You probably saw Steve Perry on CNN’s "Black in America 2" special. He was the featured educator who started and runs the Capital Preparatory Magnet school in Connecticut. The high school, over a five-year span, has sent 100 percent of its graduates – mostly Blacks and Latinos - to four-year colleges.

Passionate about what he does and disturbed deeply by the current state of disrepair in the American public education system, Perry says, “It’s something I feel I’m called to do. I always wanted to help people.”

Raised in working class Middleton, Conn., near Hartford, Perry says he, like many of his students, came from an economically disadvantaged background. He’s quick to insist, though, that poverty or social circumstance are not reasons to underperform in school or for us to set lowered expectations for our kids.

BET.com spoke with the author (his latest book "Man Up" spells out how the Black community can save itself), social entrepreneur and father about his life, what America must do now to address our education crisis and the secret of his school’s success.

You say you’re “called” to do the work you do. Why?

I always wanted to help people. I went to Social Work school and worked in Philadelphia’s public schools. In that job, I spent 45 minutes with a kid and returned him to the environment that brought him to me in the first place. How is that helping? I ran for state representative at 26 and lost. I wanted to make a change through social work, then politics, but realized that was not the way for me.

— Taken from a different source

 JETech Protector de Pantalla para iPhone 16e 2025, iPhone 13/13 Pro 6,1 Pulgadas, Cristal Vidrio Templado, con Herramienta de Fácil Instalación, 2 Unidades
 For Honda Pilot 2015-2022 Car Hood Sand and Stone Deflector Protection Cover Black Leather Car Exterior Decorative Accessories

That was your 'aha' moment? That’s when you decided you wanted to be an educator?

No. It was when a young sister with a kid came to me and asked me, “Why do all the rich kids get to go to college?” It was more of an indictment than a question. I’m not keen on taking excuses from people so I couldn’t give her an excuse. At that point, I realized I needed to go back to school for a master’s and do what I had to do to get started. 

Writing books. Teaching. Public speaking. You’re on a roll. How do you do it all?

Just today, in fact, I was in New York speaking at a fundraiser for a school former NBA player Manute Bol is building in Sudan. I work hard because I want to do well. I want to build a bridge for other people to improve their lives. My son is Mason and his middle name is David. I want him to be a builder and giant-killer. I want to create more brothers and sisters who can build and change giants.

Educating young people, what’s one lesson you have learned?

I wanted to run an all-Black school with an all-Black staff. I said, 'let me just get all the brothers down here and we can start this.' I learned two things:  It was naïve of me to think that only Black people cared about Black people or all Black people cared about Black people.

When do you feel most rewarded?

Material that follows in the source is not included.